Publié le 12 décembre 2023 à 08h30. Le Premier ministre israélien Benjamin Netanyahu s’apprête à se rendre au Caire pour finaliser un accord majeur de fourniture de gaz naturel à l’Égypte, une initiative qui pourrait relancer les relations bilatérales malgré les tensions récentes.
- Netanyahu devrait rencontrer le président égyptien Abdel Fattah al-Sissi pour signer un accord estimé à 35 milliards de dollars.
- Les États-Unis ont joué un rôle de médiateur dans les préparatifs de cette visite, qui intervient dans un contexte de tensions liées à la guerre à Gaza.
- L’accord gazier suscite des débats en Israël, certains craignant qu’il ne compromette la sécurité énergétique du pays.

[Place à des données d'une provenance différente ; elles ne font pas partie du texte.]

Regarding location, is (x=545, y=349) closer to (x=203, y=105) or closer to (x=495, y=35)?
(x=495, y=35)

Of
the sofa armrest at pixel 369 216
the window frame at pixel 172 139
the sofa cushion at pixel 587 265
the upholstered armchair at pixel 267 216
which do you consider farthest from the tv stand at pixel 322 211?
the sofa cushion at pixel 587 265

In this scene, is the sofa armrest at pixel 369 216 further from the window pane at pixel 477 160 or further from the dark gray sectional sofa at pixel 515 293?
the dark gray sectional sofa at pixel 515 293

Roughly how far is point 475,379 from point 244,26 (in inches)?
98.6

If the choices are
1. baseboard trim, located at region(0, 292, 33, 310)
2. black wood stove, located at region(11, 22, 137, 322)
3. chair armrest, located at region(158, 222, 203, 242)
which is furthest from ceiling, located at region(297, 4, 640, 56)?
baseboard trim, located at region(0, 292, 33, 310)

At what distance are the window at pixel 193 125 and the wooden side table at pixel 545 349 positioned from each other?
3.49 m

Cette visite au Caire marquerait un tournant dans les relations israélo-égyptiennes, après une période de refroidissement diplomatique consécutive au déclenchement de la guerre à Gaza le 7 octobre 2023. Selon une source diplomatique américaine proche des préparatifs, les responsables israéliens travaillent depuis plusieurs jours avec des hauts diplomates américains pour organiser ce déplacement. Netanyahu souhaiterait d’ailleurs qualifier cette visite d’historique, et la présenter comme un succès diplomatique majeur, tant sur le plan national qu’international.

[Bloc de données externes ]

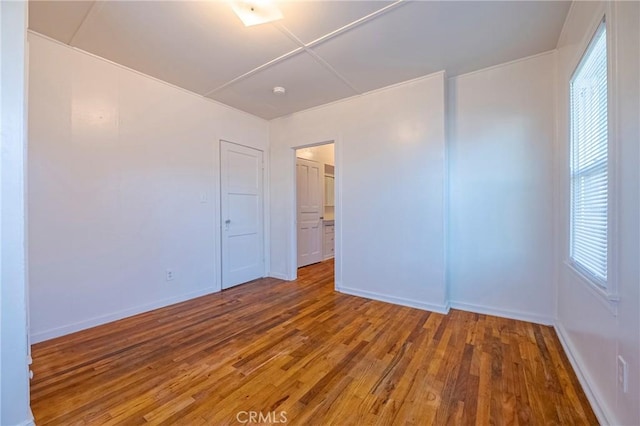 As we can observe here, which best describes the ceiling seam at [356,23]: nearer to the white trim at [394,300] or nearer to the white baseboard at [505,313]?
the white trim at [394,300]

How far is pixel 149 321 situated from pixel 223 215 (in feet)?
5.11

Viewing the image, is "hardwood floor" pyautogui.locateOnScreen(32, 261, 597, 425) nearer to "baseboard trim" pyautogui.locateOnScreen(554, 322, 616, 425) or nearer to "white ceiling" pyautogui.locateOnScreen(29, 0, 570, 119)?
"baseboard trim" pyautogui.locateOnScreen(554, 322, 616, 425)

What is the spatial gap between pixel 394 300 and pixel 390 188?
1364 mm

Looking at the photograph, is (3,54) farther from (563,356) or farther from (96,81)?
(563,356)

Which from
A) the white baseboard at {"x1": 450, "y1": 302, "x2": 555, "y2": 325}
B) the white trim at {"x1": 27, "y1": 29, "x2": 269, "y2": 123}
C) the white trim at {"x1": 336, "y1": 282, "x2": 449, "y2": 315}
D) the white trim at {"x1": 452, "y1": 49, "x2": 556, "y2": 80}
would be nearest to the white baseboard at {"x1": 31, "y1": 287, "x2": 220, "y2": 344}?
the white trim at {"x1": 336, "y1": 282, "x2": 449, "y2": 315}

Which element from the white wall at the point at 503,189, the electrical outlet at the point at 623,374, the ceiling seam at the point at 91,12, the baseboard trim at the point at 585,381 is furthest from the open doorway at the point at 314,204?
the electrical outlet at the point at 623,374

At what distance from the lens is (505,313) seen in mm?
2742

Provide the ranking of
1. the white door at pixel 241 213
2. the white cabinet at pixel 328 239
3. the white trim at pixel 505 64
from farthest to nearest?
1. the white cabinet at pixel 328 239
2. the white door at pixel 241 213
3. the white trim at pixel 505 64

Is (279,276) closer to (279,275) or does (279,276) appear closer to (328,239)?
(279,275)

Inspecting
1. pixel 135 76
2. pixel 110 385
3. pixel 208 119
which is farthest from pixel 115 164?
pixel 110 385

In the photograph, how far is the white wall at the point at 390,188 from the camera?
2.92 metres

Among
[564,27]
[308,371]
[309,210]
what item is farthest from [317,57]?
[309,210]

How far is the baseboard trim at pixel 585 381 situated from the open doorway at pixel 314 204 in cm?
371

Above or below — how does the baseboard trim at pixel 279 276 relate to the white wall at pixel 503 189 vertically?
below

Le bureau du Premier ministre a cependant démenti toute connaissance de cette initiative, déclarant au Times of Israel : « Nous n’avons pas connaissance de cette affaire ». Néanmoins, des informations récentes indiquaient que les États-Unis cherchaient à organiser un sommet trilatéral réunissant le président américain, Netanyahu et al-Sissi, potentiellement en Floride, à la fin du mois.

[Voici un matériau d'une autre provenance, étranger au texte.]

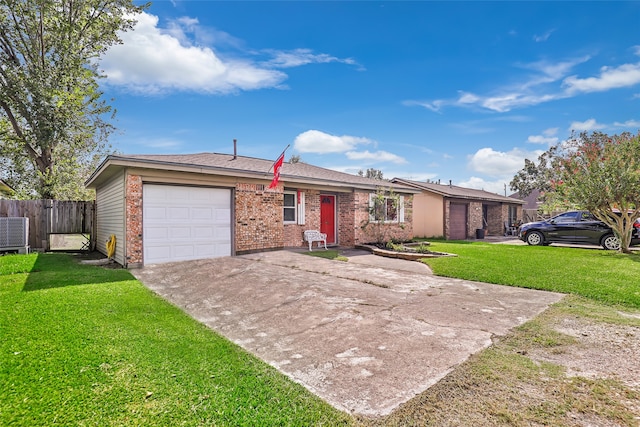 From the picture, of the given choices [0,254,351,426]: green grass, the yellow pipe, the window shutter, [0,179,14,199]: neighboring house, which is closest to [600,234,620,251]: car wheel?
the window shutter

L’ambassadeur d’Israël aux États-Unis, Yechiel Leiter, aurait joué un rôle clé dans les efforts visant à organiser ce sommet, agissant comme principal interlocuteur de Netanyahu auprès de Washington et des pays arabes, notamment la Syrie et le Liban, suite au départ de Ron Dermer de son poste de ministre des Affaires stratégiques le mois dernier.
Netanyahu s’est déjà rendu en Égypte à deux reprises sous la présidence de Hosni Moubarak, sa dernière visite officielle remontant à janvier 2011. D’autres voyages auraient eu lieu dans le plus grand secret.

Les relations entre Israël et l’Égypte sont tendues depuis le début de la guerre à Gaza, avec une absence de contact diplomatique direct entre Le Caire et Jérusalem pendant deux ans, hormis une coordination sécuritaire continue, notamment entre les services de renseignement des deux pays concernant la question des otages. Des désaccords récents ont également émergé concernant la gestion du point de passage de Rafah, l’accueil des réfugiés de Gaza et la possible participation de l’Égypte à une force internationale de stabilisation dans la bande de Gaza. Plus récemment, des tentatives de contrebande vers Israël à l’aide de drones ont encore exacerbé les tensions.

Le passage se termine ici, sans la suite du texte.